Records from a data source:
++++++++++

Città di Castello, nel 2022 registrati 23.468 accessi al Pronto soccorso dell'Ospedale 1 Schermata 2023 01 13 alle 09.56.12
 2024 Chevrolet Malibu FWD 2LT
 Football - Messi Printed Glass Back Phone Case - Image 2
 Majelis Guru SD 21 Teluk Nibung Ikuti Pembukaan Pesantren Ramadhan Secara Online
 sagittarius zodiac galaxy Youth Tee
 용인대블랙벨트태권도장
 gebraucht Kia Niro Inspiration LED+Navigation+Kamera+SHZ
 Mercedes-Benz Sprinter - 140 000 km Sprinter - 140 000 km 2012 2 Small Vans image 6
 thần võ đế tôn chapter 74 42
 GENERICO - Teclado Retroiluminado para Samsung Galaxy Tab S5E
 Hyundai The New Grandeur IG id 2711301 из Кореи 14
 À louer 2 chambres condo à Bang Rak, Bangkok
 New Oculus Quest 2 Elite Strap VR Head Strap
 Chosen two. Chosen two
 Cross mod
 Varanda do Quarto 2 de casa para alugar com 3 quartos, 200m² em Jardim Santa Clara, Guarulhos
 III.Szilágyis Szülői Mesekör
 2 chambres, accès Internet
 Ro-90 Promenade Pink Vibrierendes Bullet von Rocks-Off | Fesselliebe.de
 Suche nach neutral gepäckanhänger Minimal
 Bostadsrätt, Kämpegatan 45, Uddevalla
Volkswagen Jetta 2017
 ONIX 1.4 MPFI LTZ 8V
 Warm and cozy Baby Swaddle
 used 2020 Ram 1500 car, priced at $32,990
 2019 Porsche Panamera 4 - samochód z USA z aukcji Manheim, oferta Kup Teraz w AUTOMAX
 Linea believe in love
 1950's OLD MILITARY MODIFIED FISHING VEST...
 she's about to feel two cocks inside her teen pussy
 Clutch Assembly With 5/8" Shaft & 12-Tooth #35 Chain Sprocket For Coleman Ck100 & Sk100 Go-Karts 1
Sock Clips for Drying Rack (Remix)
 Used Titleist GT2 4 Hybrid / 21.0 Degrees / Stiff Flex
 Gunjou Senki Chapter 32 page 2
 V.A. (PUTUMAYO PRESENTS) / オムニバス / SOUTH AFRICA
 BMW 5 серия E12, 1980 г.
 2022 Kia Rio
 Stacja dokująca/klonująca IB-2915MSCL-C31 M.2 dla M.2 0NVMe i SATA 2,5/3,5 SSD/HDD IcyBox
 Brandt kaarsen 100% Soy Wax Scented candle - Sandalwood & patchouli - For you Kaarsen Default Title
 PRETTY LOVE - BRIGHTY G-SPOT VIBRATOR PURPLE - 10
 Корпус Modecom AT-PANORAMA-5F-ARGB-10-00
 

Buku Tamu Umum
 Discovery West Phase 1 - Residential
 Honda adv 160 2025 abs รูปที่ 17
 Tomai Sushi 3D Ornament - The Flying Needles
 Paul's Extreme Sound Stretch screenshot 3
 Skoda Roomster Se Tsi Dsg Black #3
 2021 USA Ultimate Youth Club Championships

++++++++++

### [Description of the task]
Retype each record exactly, leaving nothing out.

### [Answer section]
Città di Castello, nel 2022 registrati 23.468 accessi al Pronto soccorso dell'Ospedale 1 Schermata 2023 01 13 alle 09.56.12
 2024 Chevrolet Malibu FWD 2LT
 Football - Messi Printed Glass Back Phone Case - Image 2
 Majelis Guru SD 21 Teluk Nibung Ikuti Pembukaan Pesantren Ramadhan Secara Online
 sagittarius zodiac galaxy Youth Tee
 용인대블랙벨트태권도장
 gebraucht Kia Niro Inspiration LED+Navigation+Kamera+SHZ
 Mercedes-Benz Sprinter - 140 000 km Sprinter - 140 000 km 2012 2 Small Vans image 6
 thần võ đế tôn chapter 74 42
 GENERICO - Teclado Retroiluminado para Samsung Galaxy Tab S5E
 Hyundai The New Grandeur IG id 2711301 из Кореи 14
 À louer 2 chambres condo à Bang Rak, Bangkok
 New Oculus Quest 2 Elite Strap VR Head Strap
 Chosen two. Chosen two
 Cross mod
 Varanda do Quarto 2 de casa para alugar com 3 quartos, 200m² em Jardim Santa Clara, Guarulhos
 III.Szilágyis Szülői Mesekör
 2 chambres, accès Internet
 Ro-90 Promenade Pink Vibrierendes Bullet von Rocks-Off | Fesselliebe.de
 Suche nach neutral gepäckanhänger Minimal
 Bostadsrätt, Kämpegatan 45, Uddevalla
Volkswagen Jetta 2017
 ONIX 1.4 MPFI LTZ 8V
 Warm and cozy Baby Swaddle
 used 2020 Ram 1500 car, priced at $32,990
 2019 Porsche Panamera 4 - samochód z USA z aukcji Manheim, oferta Kup Teraz w AUTOMAX
 Linea believe in love
 1950's OLD MILITARY MODIFIED FISHING VEST...
 she's about to feel two cocks inside her teen pussy
 Clutch Assembly With 5/8" Shaft & 12-Tooth #35 Chain Sprocket For Coleman Ck100 & Sk100 Go-Karts 1
Sock Clips for Drying Rack (Remix)
 Used Titleist GT2 4 Hybrid / 21.0 Degrees / Stiff Flex
 Gunjou Senki Chapter 32 page 2
 V.A. (PUTUMAYO PRESENTS) / オムニバス / SOUTH AFRICA
 BMW 5 серия E12, 1980 г.
 2022 Kia Rio
 Stacja dokująca/klonująca IB-2915MSCL-C31 M.2 dla M.2 0NVMe i SATA 2,5/3,5 SSD/HDD IcyBox
 Brandt kaarsen 100% Soy Wax Scented candle - Sandalwood & patchouli - For you Kaarsen Default Title
 PRETTY LOVE - BRIGHTY G-SPOT VIBRATOR PURPLE - 10
 Корпус Modecom AT-PANORAMA-5F-ARGB-10-00
 

Buku Tamu Umum
 Discovery West Phase 1 - Residential
 Honda adv 160 2025 abs รูปที่ 17
 Tomai Sushi 3D Ornament - The Flying Needles
 Paul's Extreme Sound Stretch screenshot 3
 Skoda Roomster Se Tsi Dsg Black #3
 2021 USA Ultimate Youth Club Championships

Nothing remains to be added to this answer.